原本以为这是自己道行欠深,直到前天在冷摊上购得《音乐门铃——辛丰年乐话》,才知道这位道行极深的老乐迷也持这样的观点。缘于此,虽然买过不少重奏的唱片,但我很少——用鲁迅的话说就是“或者竟不”——听重奏的。
上小学的时候,音乐老师总根据教科书上的内容,让我们听很多古典音乐,我最讨厌这些。书上画的舒伯特戴眼镜,不好看,我索性就给他涂涂黑,看起来像戴墨镜的黑老大。他旁边还画着几条鱼,我嫌不够活泼,给它们加上几根须,添上鳞片,嘿嘿,一个学期下来,整本音乐书都让我做了漫画练习了。 不过我也有所得,就是明白了舒伯特之所以要跟鱼儿画在一起,是因为他写过歌曲《鳟鱼》。

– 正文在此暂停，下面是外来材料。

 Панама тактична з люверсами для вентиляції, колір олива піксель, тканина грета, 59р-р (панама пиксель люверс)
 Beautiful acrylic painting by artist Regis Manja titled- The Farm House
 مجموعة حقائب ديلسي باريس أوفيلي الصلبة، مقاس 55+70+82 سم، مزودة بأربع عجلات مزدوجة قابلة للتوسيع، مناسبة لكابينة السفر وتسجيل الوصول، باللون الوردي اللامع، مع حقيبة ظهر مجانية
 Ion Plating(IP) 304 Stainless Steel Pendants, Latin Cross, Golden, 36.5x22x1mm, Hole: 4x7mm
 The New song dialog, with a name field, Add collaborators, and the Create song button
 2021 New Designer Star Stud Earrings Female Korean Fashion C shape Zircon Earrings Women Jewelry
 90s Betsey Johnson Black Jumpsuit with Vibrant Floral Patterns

舒伯特的五重奏正是根据他先前创作的歌曲改编的。五重奏就是两把小提琴、一把中提琴、一把大提琴再加上低音提琴,正好五件弦乐器,再加上钢琴。一般说来,重奏是不加标题的,重奏虽然也是按照奏鸣曲式写的,但是因为无标题,又不一定有很明确的创作背景,所以显得很抽象,很纯粹,因此也更难懂。我试着从英文的唱片说明上找些蛛丝马迹,不料竟读到一段饶有趣味的文字。说有幅画画着正在创作的舒伯特,只见他乐思飞扬,奋笔疾书,似乎一部大作即将问世,可他四周杳无人迹,只有钢琴底下趴着的一条狗,脸上带着同情的表情,独自做他的听众……

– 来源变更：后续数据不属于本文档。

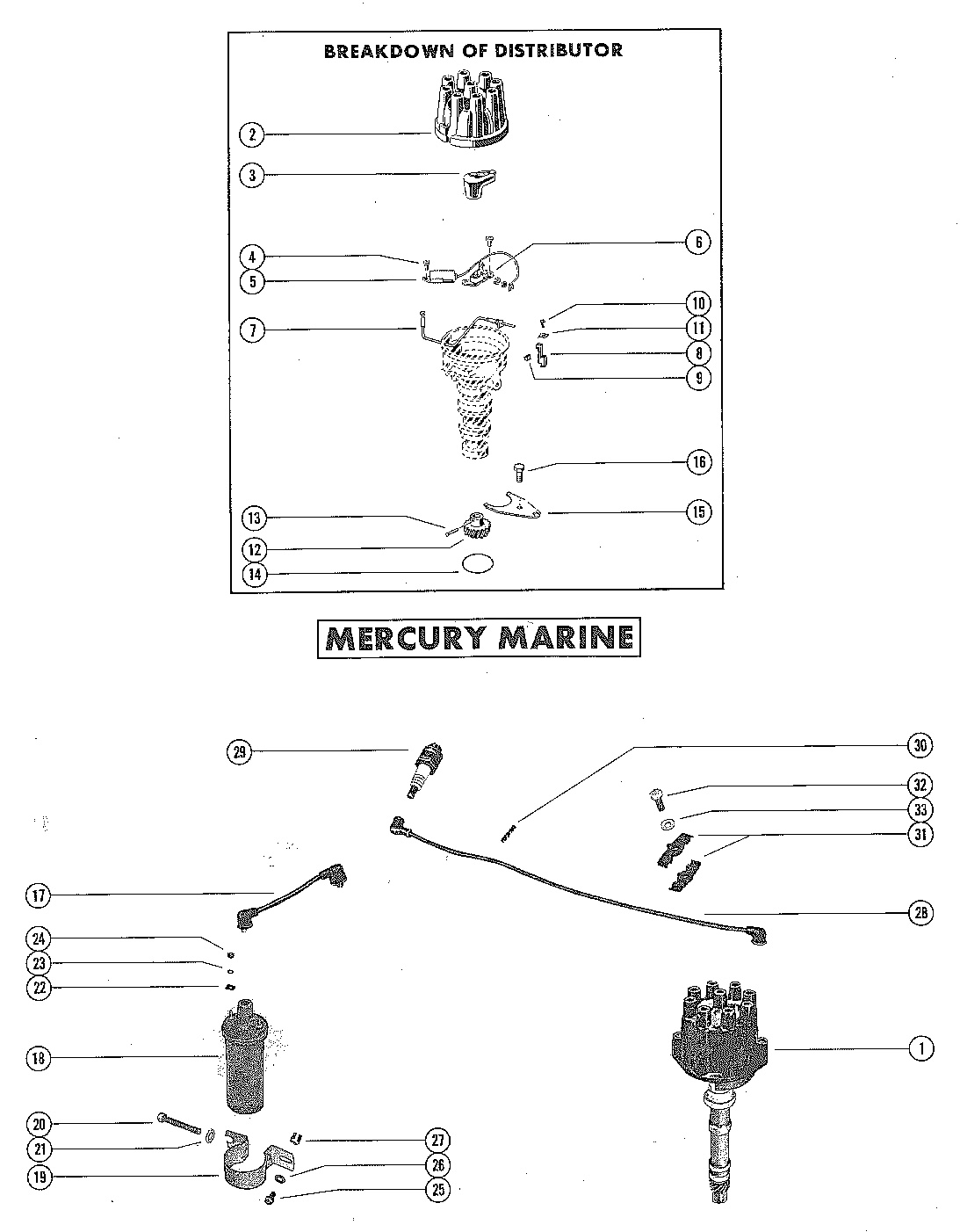 DISTRIBUTOR ASSEMBLY, COMPLETE (MERCURY)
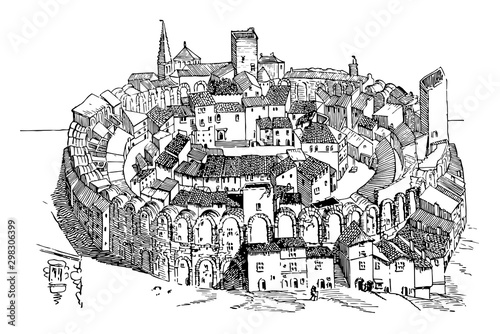 The Amphitheater at Arles vintage illustration.
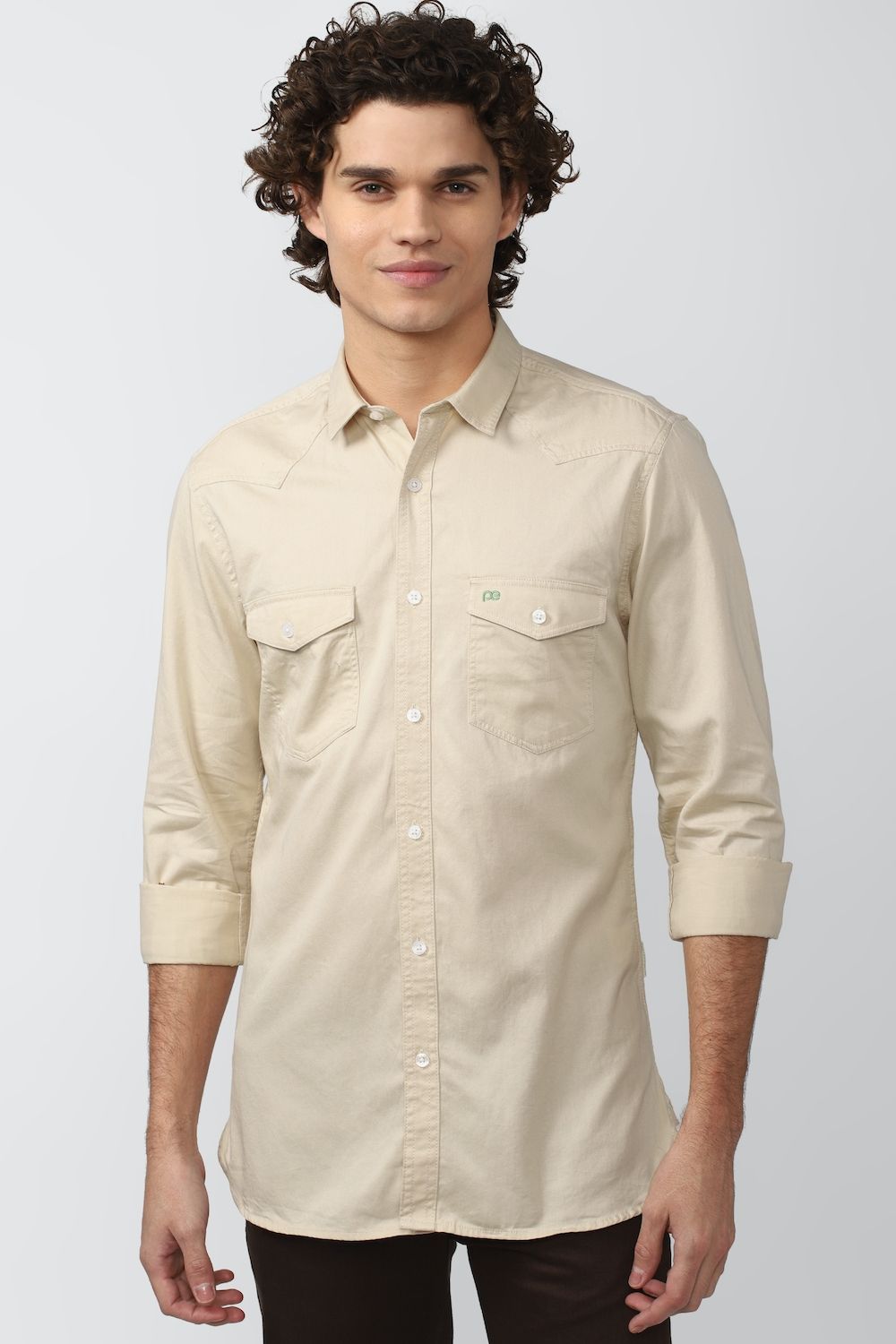 Men Beige Super Slim Fit Solid Full Sleeves Casual Shirt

这位歌曲之王的情况或不至于如此窘迫。1819年秋天,22岁的舒伯特同歌唱家约翰·迈克·沃戈到维也纳西面的斯提度假,在那里遇上老同学斯达德勒,后者又将他引荐给当地的音乐资助人兼业余大提琴家鲍姆嘉德纳,拉来的生意就是为其创作一首五重奏,而且规定其中的乐章必须是根据歌曲《鳟鱼》而写的变奏。这首歌曲本是舒伯特两年前在维也纳所作,歌词大意讲诗人看见河岸上渔夫在钓一条鳟鱼,河水清澈,鳟鱼巧妙地躲过了诱饵,可是渔夫迫不及待地搅浑水,鳟鱼最终上了钩。我觉得“钓鱼”、“搅浑水”、“上钩”这些意象太有趣了,嘻嘻,这些不是每时每刻都在我们身边发生着吗?

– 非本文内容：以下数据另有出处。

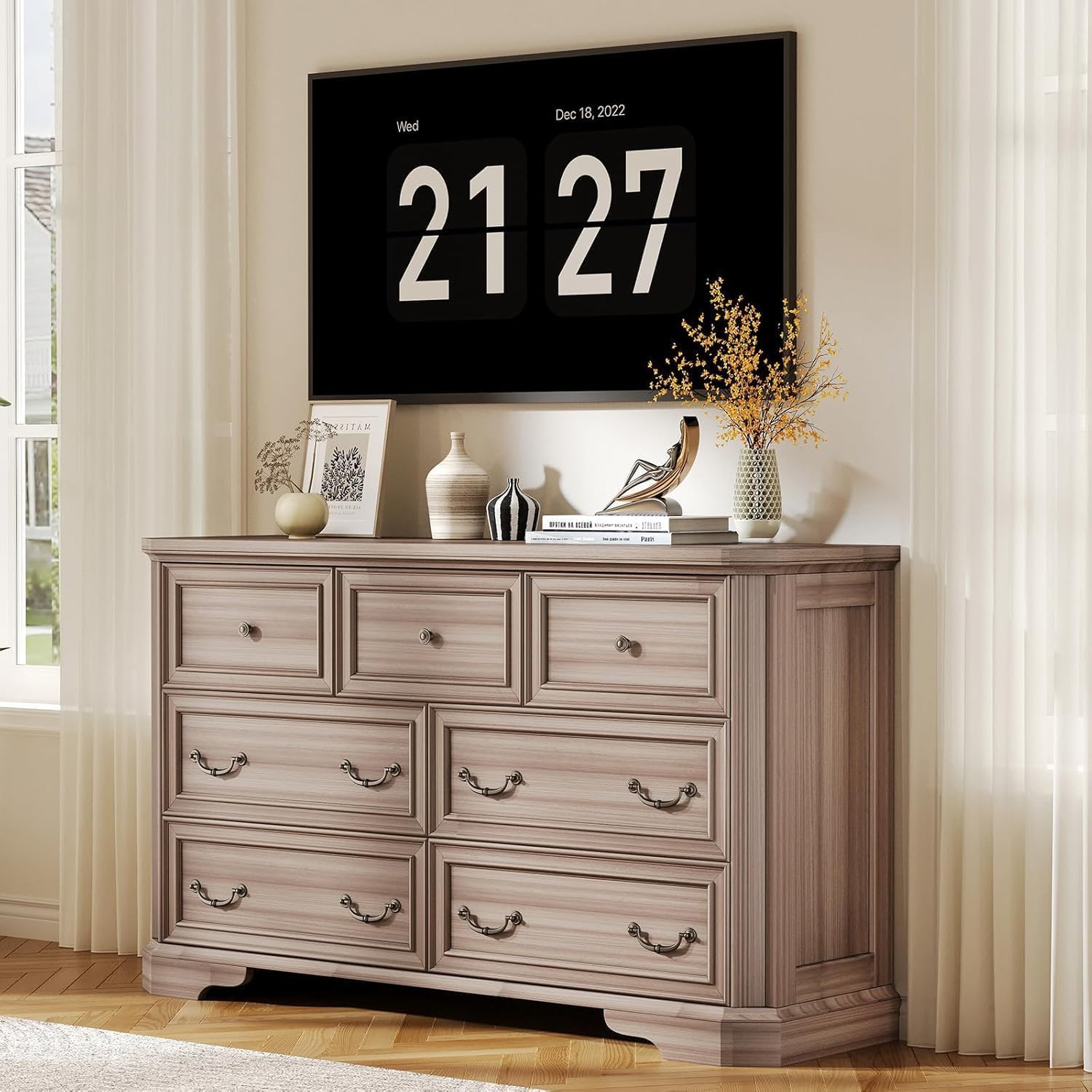 LUXOAK Farmhouse Bedroom Dresser Set of 2, 54" Wide 7-Drawer Chest & 48" Tall 5-Drawer Dresser, Natural Wood Grain with Vintage Handles, Storage Dressers for Bedroom, Grey Walnut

对乐曲的理解虽不必拘泥于歌词,但它能为我们提供一些帮助。总体来说这首曲子是饱含生气和趣味的。五个乐章都很活泼,第一乐章弦乐就像粼粼水波,钢琴声则如灵动的小鳟鱼。第二乐章相对恬静,第三乐章则带有戏剧性,扣人心弦,大概在作曲家头脑中,鳟鱼正和渔夫紧张地较量着呢。第四乐章《主题和变奏(小行板)》根据歌曲原来的曲调写成,是全曲中最为著名的一段。当年听的是女声合唱,后来还曾听过Baker的女高音独唱和李斯特用钢琴改编的版本。反正只要这个旋律一出来,听者就知道是“鳟鱼”来了。重奏里能像这样常驻人心的旋律并不是很多。